He wasn't so sure about the rest of him - his mind, his spirit?  He couldn't put it into words.  He was thankful his teammates had saved his life, but they had been too late to save all of him.  Jack felt that somehow a part of him had been lost.  Hathor had taken something away from him that he didn't know how to get back.  All he knew was how badly he wanted to hurt her as she had hurt him.

They had exterminated the larvae and driven Hathor from Earth.  She had escaped through the Stargate.  Though deprived of the immediate chance to strike back at her, he had no doubt they would encounter her again.  But for now, Earth was secure from her machinations.  That was more important than his need for revenge.

Jack opened his eyes and somberly regarded his reflection in the mirror.  He could still feel the squishy, wormlike nudges against his skin.  He shuddered, then bent over the toilet as he retched once more.

* * * * * * *

Smack!

Jack’s bat made a satisfying sound as it connected with the ball.  He adjusted his grip on the wood and pulled it back over his shoulder to prepare for another swing.

Smack!  Smack!  Smack!

Pitch after pitch from the machine was answered with the same solid sound.  Jack was on a roll.

A red mist formed over his sight, and he blinked it away.  The next ball flew towards him, converting as it approached into an image of a squirming Goa'uld larva.

Smack!

Jack hit it squarely, splattering the hideous creature into oblivion.

Each ball represented another of the hated aliens.  Occasionally, the image changed from a twisting larva to the smiling face of Hathor, but each time Jack smashed the ball to a figurative pulp.  He continued until the machine was empty.  When he saw that no more balls were coming, he lowered the bat and stood in place, breathing hard.

“O’Neill, when Dr. Fraiser advised R & R for you, I understood that rest was a component of that treatment.  I do not think she intended you to drive yourself to physical exhaustion.”

“I can rest later.  This is the recreation part,” Jack waved away Teal’c’s concern, still wheezing a bit between words.  “Baseball is the all-American pastime.  Should be just what the doctor ordered.”  He gestured to his offworld friend to join him in the batting cage.  “Come on in.  I’ll give you some pointers.”

When the doctor had advised some time spent away from the base, Jack had taken the opportunity to initiate Teal’c into the mysteries of Earth’s sports.  During the drive to the park, the team leader had attempted to explain the basics of the game which the majority of Americans learned in childhood.
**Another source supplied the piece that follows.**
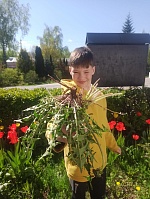 Мир, труд, май!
Once he got past his difficulty with the concept of a game played for fun and viewed it in what was to him the more comprehensible terms of a training exercise of sorts, Teal’c eagerly absorbed the fundamentals.

The two men spent some time tossing a ball back and forth then gave up their game of catch to head for the batting cages.

Jack hadn’t exactly anticipated his batting practice to turn into a battle with his private demons, but then, most every aspect of his life was turning out that way right now so he wasn’t entirely surprised.  He shook off the remnants of his visions and concentrated on showing Teal’c the proper stance and the correct way to hold and swing a bat.  Then, he backed off and started the machine.

After only a couple of misses, Teal’c began to hit the balls on a pretty regular basis.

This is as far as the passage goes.